Reflecting on the project, Khan said: “AlUla resonated with me deeply as did the local community members I met. The design takes the form of a public space – not a museum within walls – situated in AlJadidah village with galleries and spaces for sensory experiences and learning.
“The mountains are a constant background, whose sand dunes reach down to greet the edges of the museum, while stepped terraces of gardens act as a new interface between the village and the oasis.
I am excited about how the museum of the Incense Road can be brought into the collective memory of the world, and become a transformative asset for the local community,” he added.
Helen McGauran, heritage curatorial expert at RCU told The National: “We are thrilled to be working with Asif Khan to realise the ambition and intention for the museum of the Incense Road in AlUla.

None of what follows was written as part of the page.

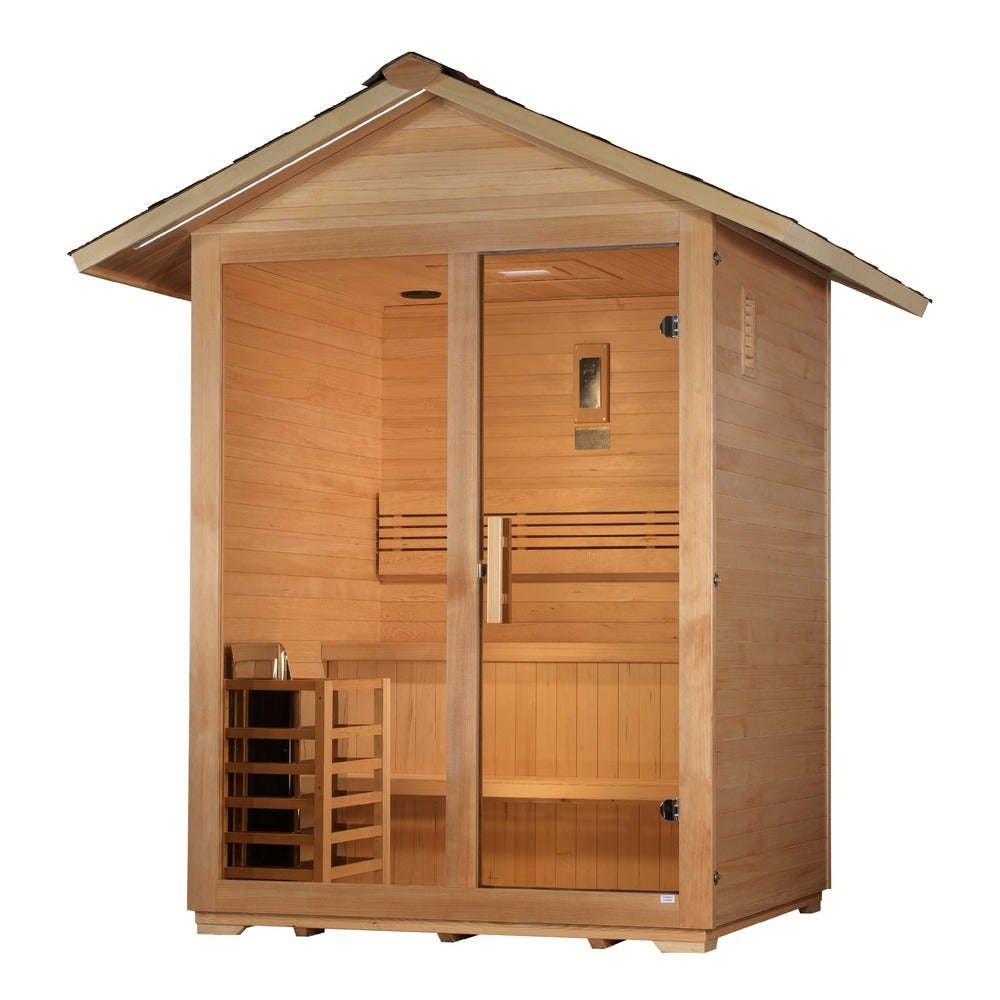 Golden Designs Arlberg 3 Person Outdoor Traditional Sauna front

“A museum for the 21st century, it will be a dynamic forum of exhibition, learning and recreation, that celebrates AlUla's legacy at the centre of the Incense Road story. This vital oasis was at the heart of a thriving network of routes that once connected the ancient world, from southern Arabia north to Egypt, Rome, the Levant, Mesopotamia and beyond.
“Here, the hallmarks of different civilisations are still being discovered, and understood, thanks to continued programmes of archaeology and research.”
She said that artefacts from AlUla's own history would be placed alongside those from other places, to “tell those stories of connectivity that we really want to get across.” She explained: “We've got a very active programme of archaeology and ongoing discovery, so the museum will have to be quite flexible and nimble to respond to that. You find one great discovery as an archaeologist and it changes the story.”
Both museums aim to consider how to reduce the environment impact of building cultural spaces, and promote not just AlUla’s cultural heritage, but conservation and community engagement.
McGauran added: “I think in the West we understand a museum as a certain thing and that's something that we're very much trying to question. These shouldn't be museums that could be anywhere else, they have to be of AlUla.”